[WHAT TO WORK ON]
Repeat each entry as written, dropping any picture you find.

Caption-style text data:
☆ ☆ ☆ ☆ ☆

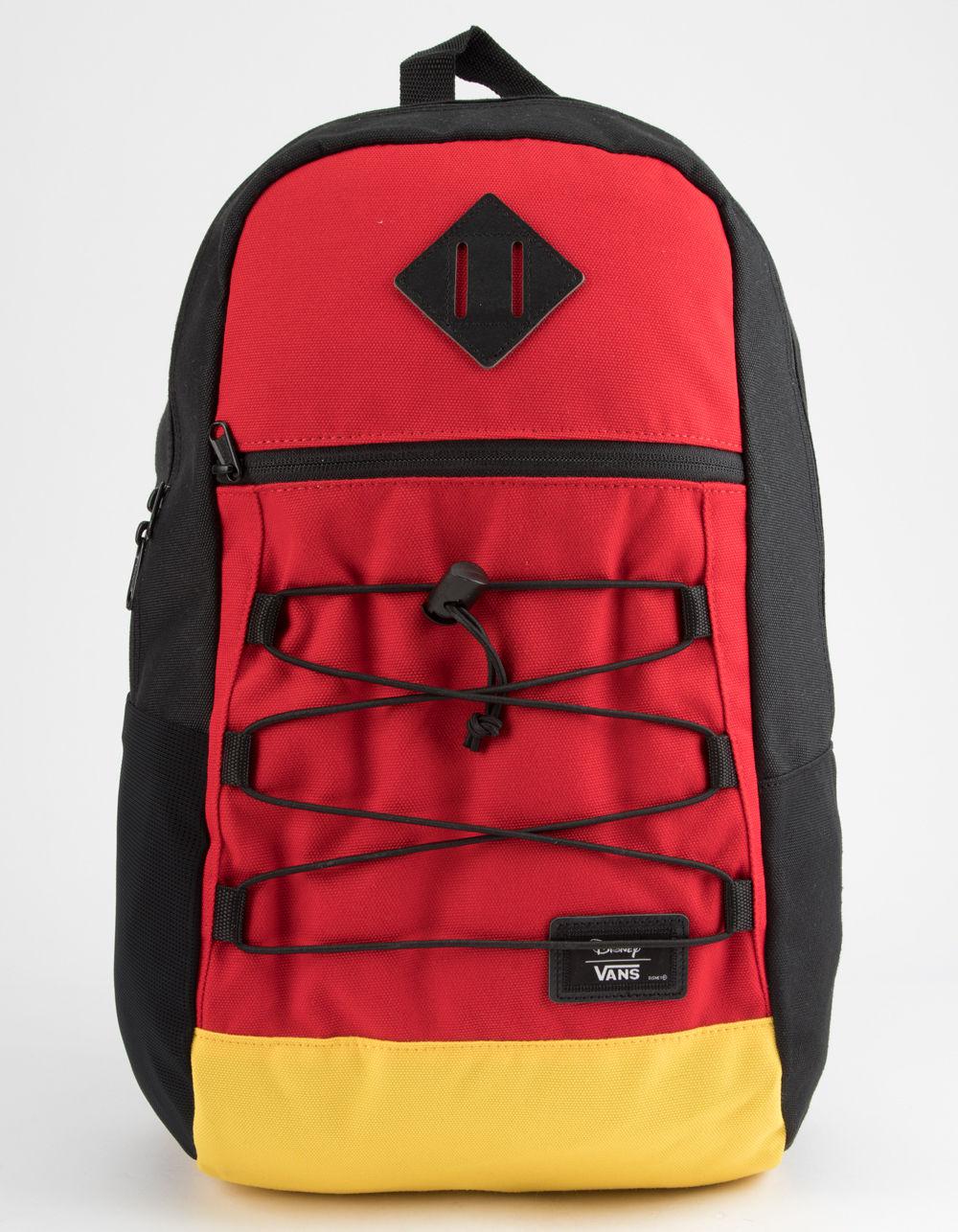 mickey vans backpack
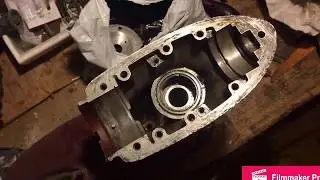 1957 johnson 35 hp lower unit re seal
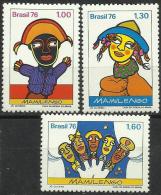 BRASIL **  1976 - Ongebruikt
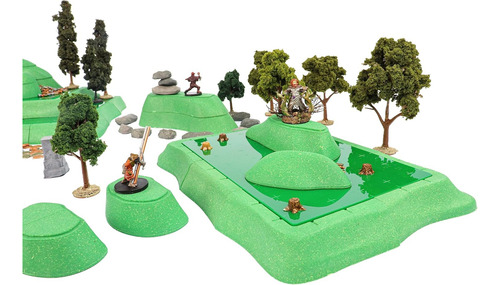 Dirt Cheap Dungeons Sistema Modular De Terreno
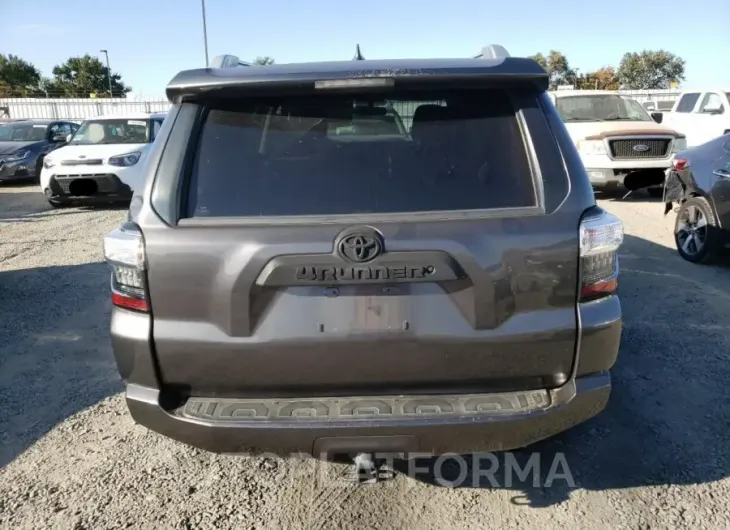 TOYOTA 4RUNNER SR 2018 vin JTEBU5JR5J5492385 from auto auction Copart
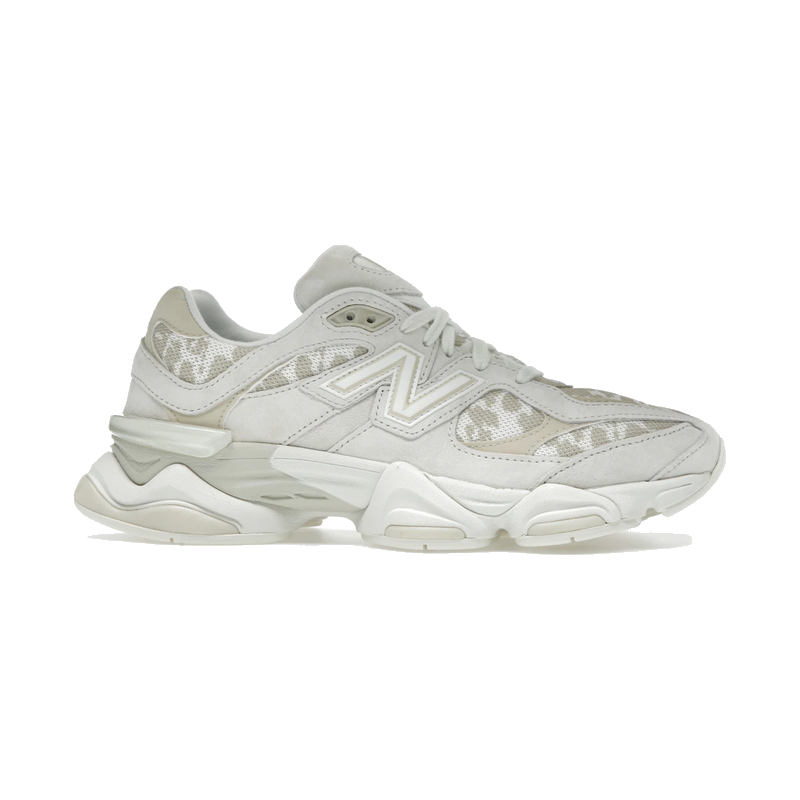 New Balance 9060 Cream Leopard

☆ ☆ ☆ ☆ ☆

[RESULT OF THE TASK]
 mickey vans backpack
 1957 johnson 35 hp lower unit re seal
 BRASIL **  1976 - Ongebruikt
 Dirt Cheap Dungeons Sistema Modular De Terreno
 TOYOTA 4RUNNER SR 2018 vin JTEBU5JR5J5492385 from auto auction Copart
 New Balance 9060 Cream Leopard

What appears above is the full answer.